Transplantation evaluation is generally started after the onset of hepatic decompensation. The details of the evaluation of potential candidates for LT are summarized in Table 1.
Table 1. Evaluation of potential recipients before liver transplantation
|General evaluation: |
| Age and body mass index|
| Blood group for listing purposes|
| HLA typing|
| History survey and physical examination|
| History of alcohol consumption and substance abuse|
| Infection: syphilis, cytomegalovirus, Epstein–Barr virus and herpes simplex virus|
| Abdominal imaging (Doppler ultrasound, CT, MR angiography and MR cholangiopancreatography to determine vascular and biliary anatomy, calculate liver volume and assess steatosis|
| Screening for colon, breast, cervical and prostate cancer|
| Cardiopulmonary status evaluation: chest roentgenography, electrocardiogram, 2-D echocardiogram|
| Thallium stress test and coronary angiography for high-risk patients|
| Pulmonary function tests|
|Studies for patients with the following conditions:|
| Hepatitis B: HBV–DNA, HBeAg, anti-HBe Ab, anti-delta Ab|
| Hepatitis C: HCV-RNA, HCV genotype|
| Autoimmune hepatitis: immunoglobulin G, antinuclear antibody, antismooth muscle antibody, liver–kidney microsomal antibody|
| α1-Antitrypsin deficiency: α1-antitrypsin level and phenotype|
| Wilson disease: ceruloplasmin, 24-h urine copper, hepatic copper|
| Hemochromatosis: iron saturation, ferritin, HFE gene test|
| HCC: bone scan, chest radiography|
| Hepatopulmonary syndrome: arterial blood gas, transthoracic contrast echocardiography, arterial oxygen response to 100% oxygen, quantification of intrapulmonary shunting using macroaggregated albumin scan|
| Primary sclerosing cholangitis: colonoscopy (to exclude ulcerative colitis) and ERCP (to exclude cholangiocarcinoma)|
|To detect underlying contraindicated conditions:|
| Arterial blood gas to screen for the presence of severe portopulmonary hypertension|
| Serum α-fetoprotein, CA-199, liver ultrasound, CT, and/or MRI: to exclude HCC, cholangiocarcinoma|
| Doppler ultrasound to exclude portal vein thrombosis|
| Bone densitometry to check the presence of severe osteoporosis|
| Neuropsychological testing: optional|
| Infection: HIV|
There is no specific age limitation for LT.23,24 However, older patients have a poorer long-term survival after transplantation compared with younger patients, mainly because of an increased risk of death from malignancies.25
The risk of hepatic artery thrombosis appears to be significantly increased among chronic smokers.
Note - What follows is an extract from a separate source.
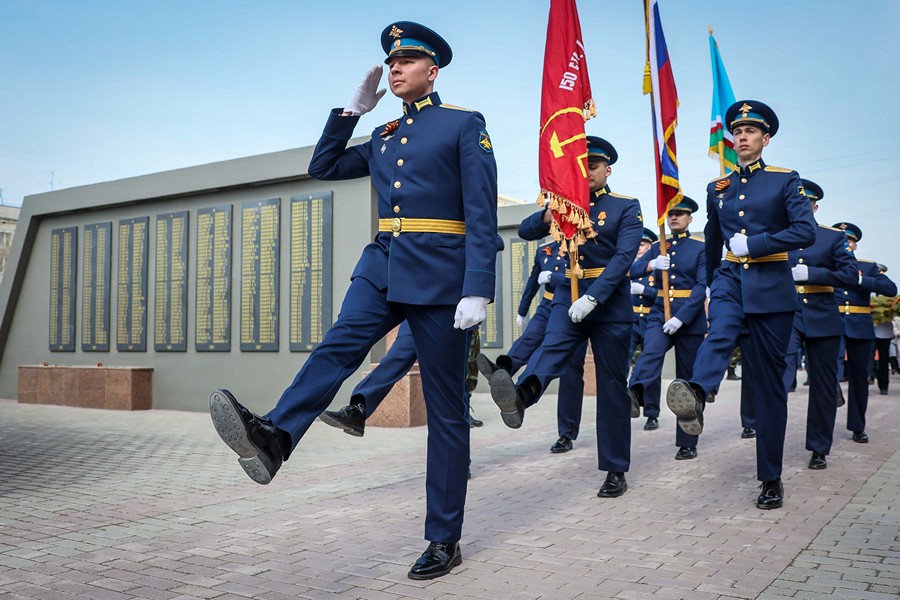 В Якутске возложили цветы к памятнику якутскому снайперу и мемориалу «Солдат Туймаады»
This effect disappears if nicotine use has been discontinued 2 years before transplantation.26 The long-term post-transplantation survival of smokers is also poorer because of an increase in cardiac and malignancy-related mortality.25
Alcohol and substance use
The deleterious effects of continued alcohol consumption on the long-term survival of recipients has been noticed, usually as a result of cardiovascular diseases and malignancy.27 Psychological evaluation for patients with alcoholic cirrhosis is therefore part of the review process in pretransplant assessment.28 This is essential in predicting the compliance to post-transplant medications, especially in those with alcohol dependence or abuse.29 Abstinence of 6 months or more, although still controversial, is required by most transplantation centers to determine the suitability for LT. This is in part derived from the assumption that a 6-month abstinence period is more likely to predict a recidivism-free post-transplant course.30
Current toxicology screening methods provide a positive result of screening for cannabinoids up to 2 months after the patient's last use.31 In contrast, other toxicology screening tests, such as those for cocaine and alcohol, become negative soon after use. In a recent survey, patients who tested positive for marijuana had similar survival rates compared to those with negative test results.32 Whether patients who regularly use marijuana should be excluded from the waiting list remains a controversial issue.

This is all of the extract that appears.